INSTRUCTIONS TO FOLLOW :: Starting at the line below holding "ワンピース ニコ・ロビン ONE" and stopping at the line holding "Meekah's An Excavator!!🚧", print every line exactly, both ends included, and leave the rest out.

---+---

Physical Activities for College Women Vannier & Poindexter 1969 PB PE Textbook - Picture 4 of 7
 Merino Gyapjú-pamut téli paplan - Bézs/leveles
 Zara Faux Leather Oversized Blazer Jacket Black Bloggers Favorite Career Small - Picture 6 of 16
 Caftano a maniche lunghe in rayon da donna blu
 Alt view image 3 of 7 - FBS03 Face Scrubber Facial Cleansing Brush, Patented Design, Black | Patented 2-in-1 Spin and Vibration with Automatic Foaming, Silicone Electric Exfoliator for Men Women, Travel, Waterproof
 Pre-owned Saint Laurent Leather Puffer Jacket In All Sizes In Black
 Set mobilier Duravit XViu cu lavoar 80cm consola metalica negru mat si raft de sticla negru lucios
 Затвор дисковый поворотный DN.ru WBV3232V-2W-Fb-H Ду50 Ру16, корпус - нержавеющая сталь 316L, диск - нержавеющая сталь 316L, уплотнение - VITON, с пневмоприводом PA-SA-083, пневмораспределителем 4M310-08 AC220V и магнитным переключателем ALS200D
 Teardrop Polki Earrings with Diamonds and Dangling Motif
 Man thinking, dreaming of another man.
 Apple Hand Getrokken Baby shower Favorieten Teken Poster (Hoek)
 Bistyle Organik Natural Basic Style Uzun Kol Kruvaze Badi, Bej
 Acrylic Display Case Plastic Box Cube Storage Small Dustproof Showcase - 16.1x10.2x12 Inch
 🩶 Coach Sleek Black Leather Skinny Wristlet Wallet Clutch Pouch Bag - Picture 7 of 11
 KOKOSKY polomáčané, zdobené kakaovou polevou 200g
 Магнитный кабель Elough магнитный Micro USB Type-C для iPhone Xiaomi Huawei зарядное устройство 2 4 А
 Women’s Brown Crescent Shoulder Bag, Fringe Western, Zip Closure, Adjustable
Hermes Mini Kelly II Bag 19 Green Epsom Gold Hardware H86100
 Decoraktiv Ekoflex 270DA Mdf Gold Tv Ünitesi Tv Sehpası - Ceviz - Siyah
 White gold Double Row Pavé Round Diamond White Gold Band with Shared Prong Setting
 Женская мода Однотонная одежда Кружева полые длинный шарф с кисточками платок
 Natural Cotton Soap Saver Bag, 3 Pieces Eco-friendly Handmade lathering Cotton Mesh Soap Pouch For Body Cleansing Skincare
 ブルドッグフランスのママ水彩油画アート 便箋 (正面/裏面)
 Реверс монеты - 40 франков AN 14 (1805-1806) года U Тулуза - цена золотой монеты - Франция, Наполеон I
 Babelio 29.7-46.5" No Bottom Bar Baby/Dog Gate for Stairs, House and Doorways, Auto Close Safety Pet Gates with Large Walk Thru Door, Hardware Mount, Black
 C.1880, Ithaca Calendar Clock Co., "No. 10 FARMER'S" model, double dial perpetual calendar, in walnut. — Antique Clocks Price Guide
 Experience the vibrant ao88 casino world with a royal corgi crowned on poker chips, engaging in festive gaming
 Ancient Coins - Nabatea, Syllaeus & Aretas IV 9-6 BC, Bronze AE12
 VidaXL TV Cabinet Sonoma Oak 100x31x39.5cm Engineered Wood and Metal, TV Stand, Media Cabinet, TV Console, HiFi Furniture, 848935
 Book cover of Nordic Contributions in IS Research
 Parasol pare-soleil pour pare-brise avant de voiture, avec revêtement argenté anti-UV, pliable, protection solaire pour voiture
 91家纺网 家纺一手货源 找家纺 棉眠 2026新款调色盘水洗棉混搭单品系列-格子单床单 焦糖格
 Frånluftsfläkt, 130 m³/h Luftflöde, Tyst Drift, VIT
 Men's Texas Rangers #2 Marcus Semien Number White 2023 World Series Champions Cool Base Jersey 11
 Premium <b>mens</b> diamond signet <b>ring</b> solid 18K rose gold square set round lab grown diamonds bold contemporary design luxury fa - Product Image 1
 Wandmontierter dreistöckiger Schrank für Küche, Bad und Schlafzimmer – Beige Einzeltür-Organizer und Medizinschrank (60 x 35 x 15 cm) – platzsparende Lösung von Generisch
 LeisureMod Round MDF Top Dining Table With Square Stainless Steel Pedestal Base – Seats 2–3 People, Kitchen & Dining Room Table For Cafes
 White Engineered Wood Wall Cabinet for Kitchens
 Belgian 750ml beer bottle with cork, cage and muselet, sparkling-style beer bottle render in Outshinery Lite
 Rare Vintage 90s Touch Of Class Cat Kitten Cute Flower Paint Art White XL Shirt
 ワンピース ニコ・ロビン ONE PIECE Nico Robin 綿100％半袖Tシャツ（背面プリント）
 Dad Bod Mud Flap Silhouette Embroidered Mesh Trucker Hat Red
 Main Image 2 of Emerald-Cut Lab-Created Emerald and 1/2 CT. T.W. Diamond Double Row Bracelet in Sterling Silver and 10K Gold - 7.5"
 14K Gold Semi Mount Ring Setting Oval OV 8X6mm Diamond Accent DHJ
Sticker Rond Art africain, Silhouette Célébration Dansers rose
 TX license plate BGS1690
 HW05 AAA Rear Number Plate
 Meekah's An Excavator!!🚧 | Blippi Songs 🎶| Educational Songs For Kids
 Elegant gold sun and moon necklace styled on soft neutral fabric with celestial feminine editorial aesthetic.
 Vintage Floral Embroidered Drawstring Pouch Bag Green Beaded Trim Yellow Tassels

---+---

TASK RESPONSE ::
 ワンピース ニコ・ロビン ONE PIECE Nico Robin 綿100％半袖Tシャツ（背面プリント）
 Dad Bod Mud Flap Silhouette Embroidered Mesh Trucker Hat Red
 Main Image 2 of Emerald-Cut Lab-Created Emerald and 1/2 CT. T.W. Diamond Double Row Bracelet in Sterling Silver and 10K Gold - 7.5"
 14K Gold Semi Mount Ring Setting Oval OV 8X6mm Diamond Accent DHJ
Sticker Rond Art africain, Silhouette Célébration Dansers rose
 TX license plate BGS1690
 HW05 AAA Rear Number Plate
 Meekah's An Excavator!!🚧 | Blippi Songs 🎶| Educational Songs For Kids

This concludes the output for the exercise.